[Given information]
- Opening Delimiter -

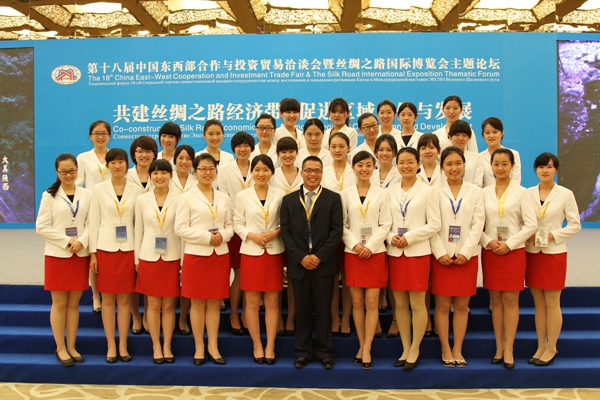我校志愿者参与2014西洽会志愿服务_副本.jpg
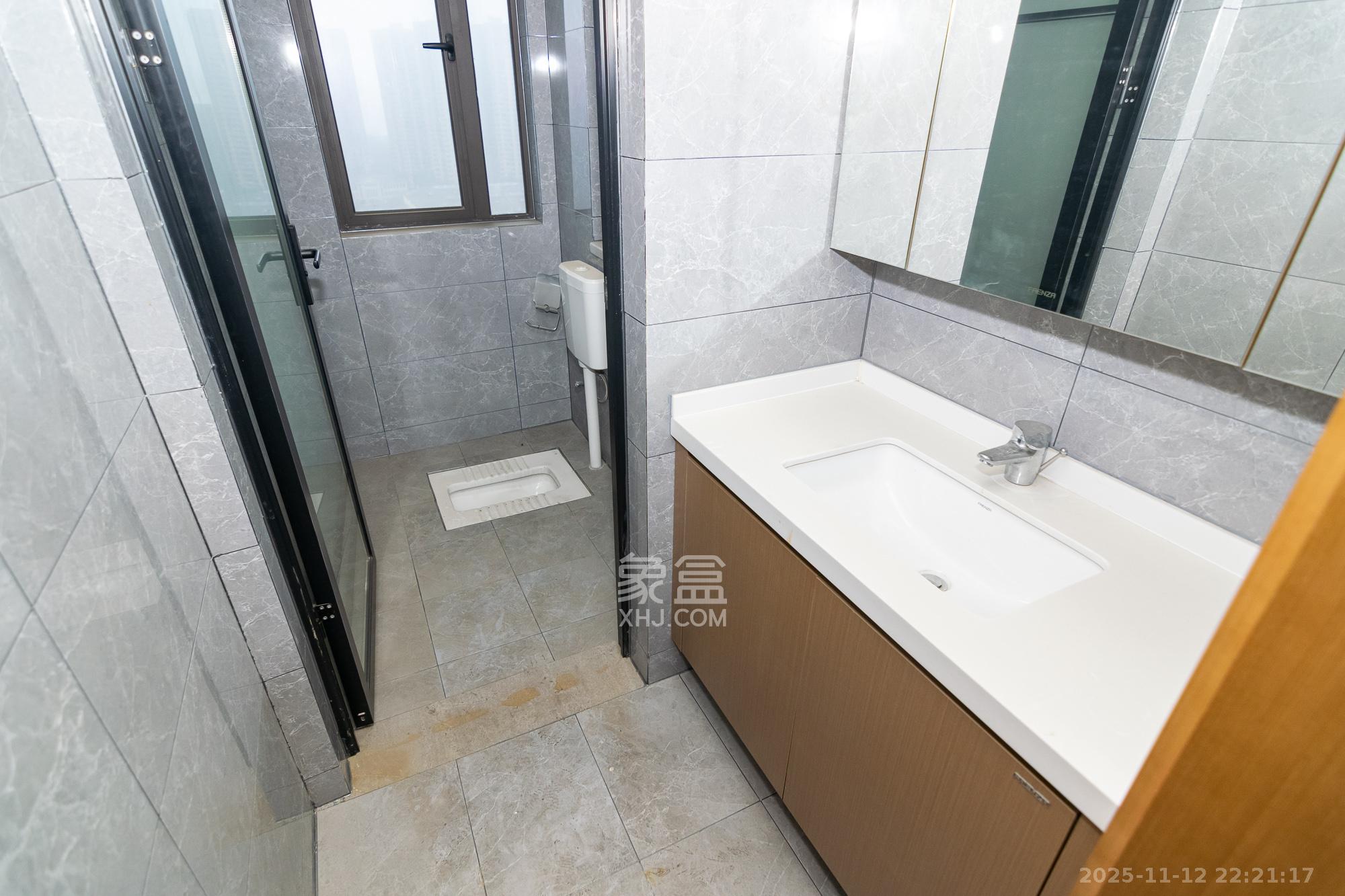 润和美郡(润和紫郡五期) 5室2厅2卫 108.0万 润和美郡(润和紫郡五期) 5室2厅2卫 108.0万卫生间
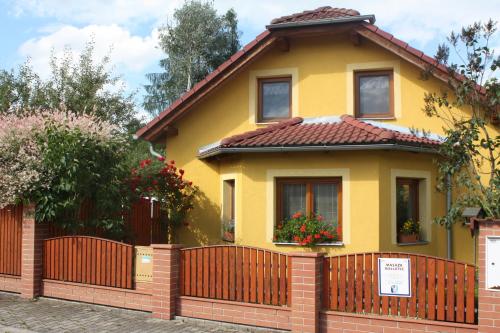 Apartment Benci — Jindrichuv Hradec — photo 2
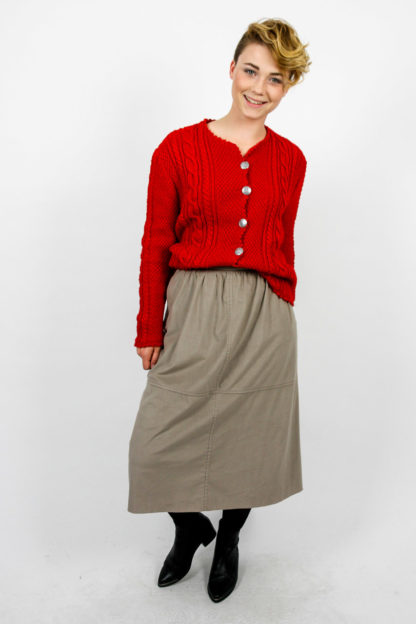 rote Strickjacke mit silbernen Knöpfen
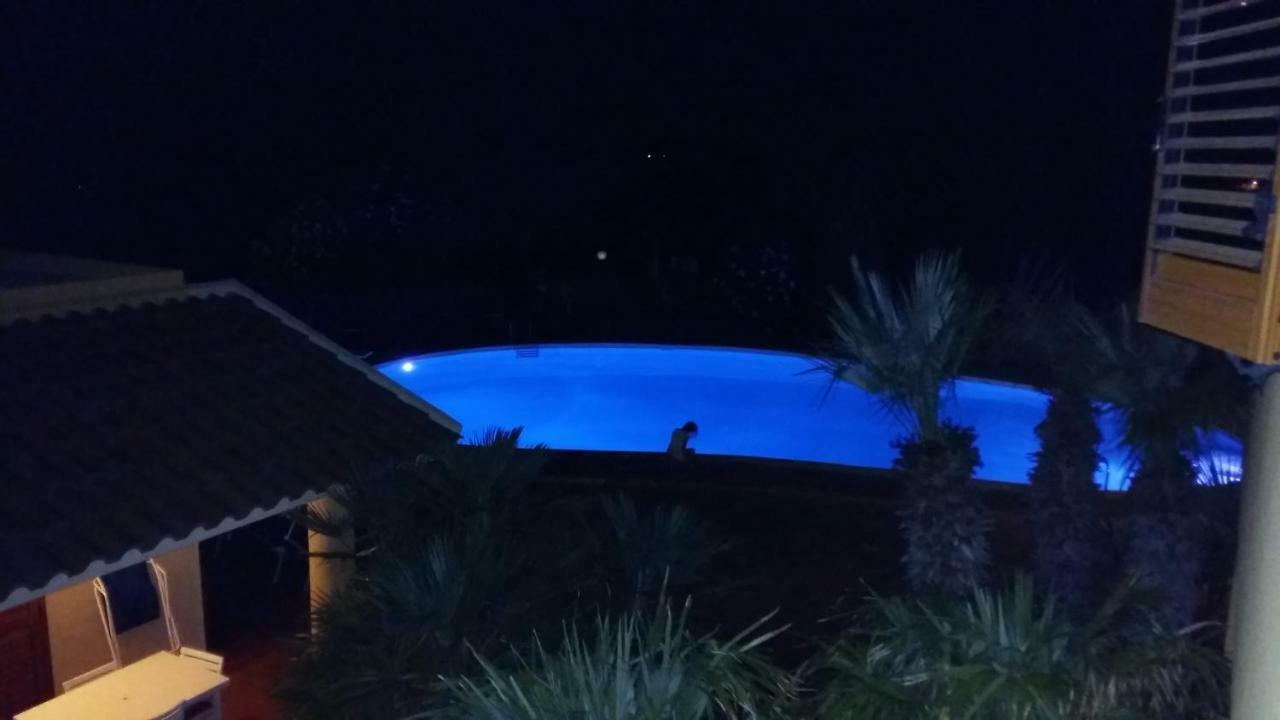 מילאצו Residence Covo Degli Dei מראה חיצוני תמונה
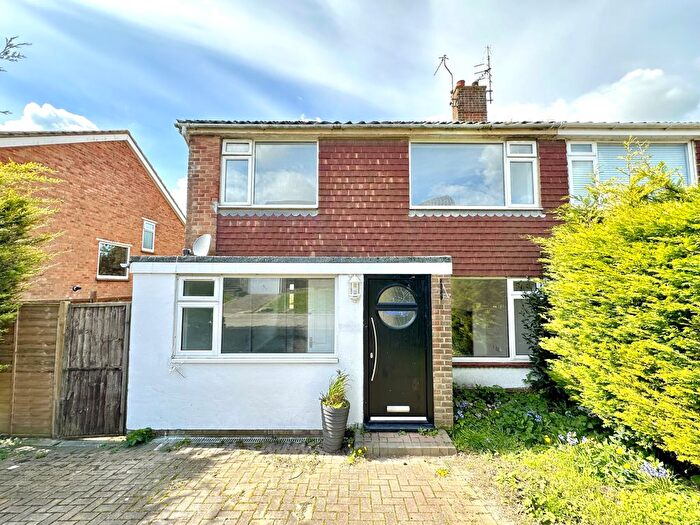 4 Bedroom Semi-Detached House To Rent In Rye Close, Saltdean, Brighton, BN2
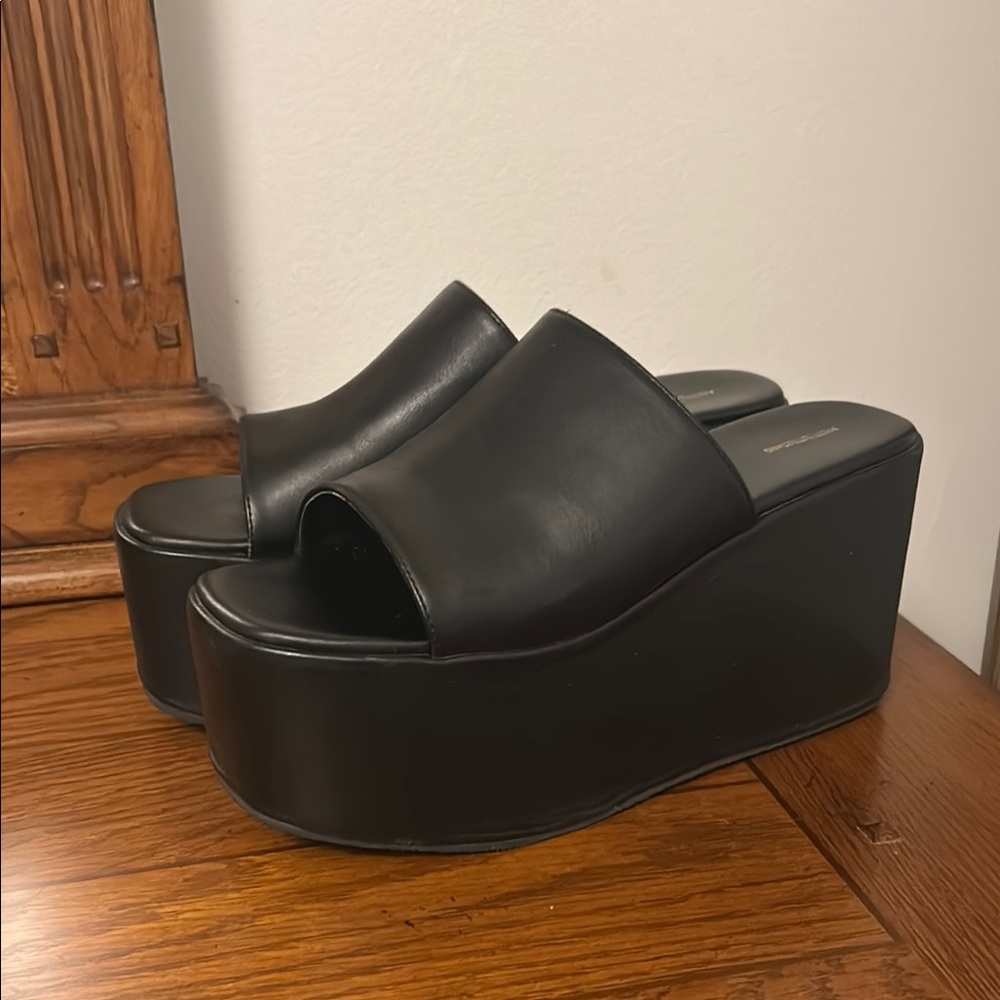 PrettyLittleThing MAJOR Black Platform Shoes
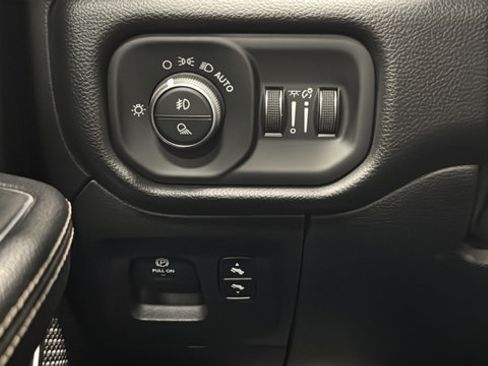 Used 2022 RAM 1500 Laramie AWD/4WD image 30
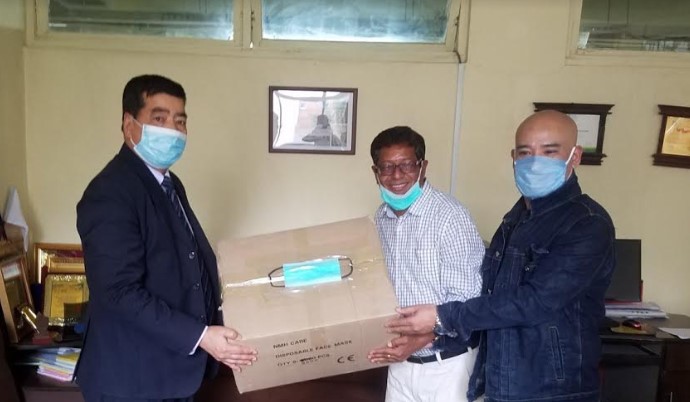 पञ्चकन्या स्टिलद्वारा तीन अस्पताललाई स्वास्थ सामाग्री हस्तान्तरण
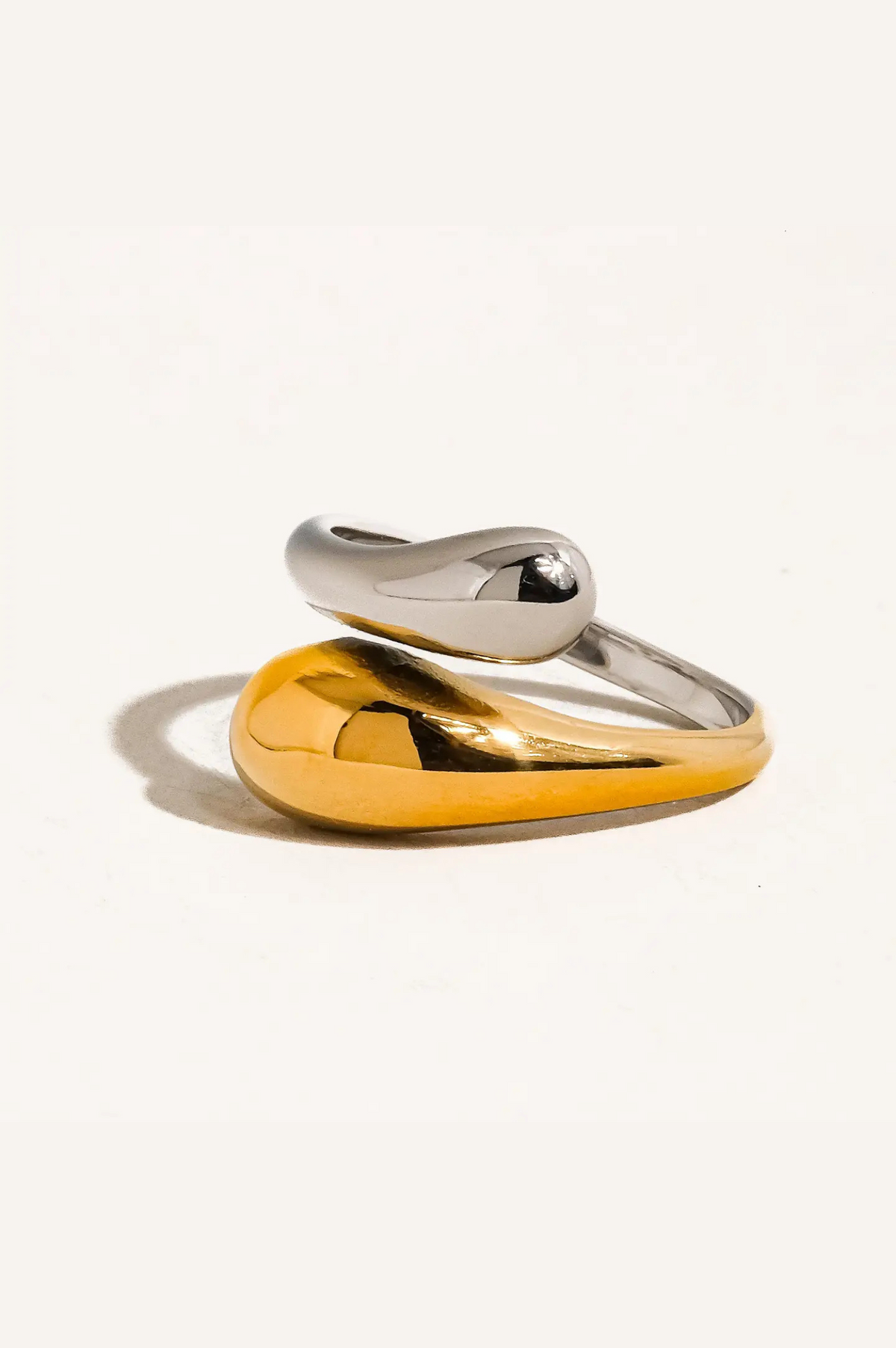 Gabrielle Open Twist Ring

- Closing Delimiter -

[What you have to do]
Would you copy each line above exactly as given, dropping any images?

[Response]
我校志愿者参与2014西洽会志愿服务_副本.jpg
 润和美郡(润和紫郡五期) 5室2厅2卫 108.0万 润和美郡(润和紫郡五期) 5室2厅2卫 108.0万卫生间
 Apartment Benci — Jindrichuv Hradec — photo 2
 rote Strickjacke mit silbernen Knöpfen
 מילאצו Residence Covo Degli Dei מראה חיצוני תמונה
 4 Bedroom Semi-Detached House To Rent In Rye Close, Saltdean, Brighton, BN2
 PrettyLittleThing MAJOR Black Platform Shoes
 Used 2022 RAM 1500 Laramie AWD/4WD image 30
 पञ्चकन्या स्टिलद्वारा तीन अस्पताललाई स्वास्थ सामाग्री हस्तान्तरण
 Gabrielle Open Twist Ring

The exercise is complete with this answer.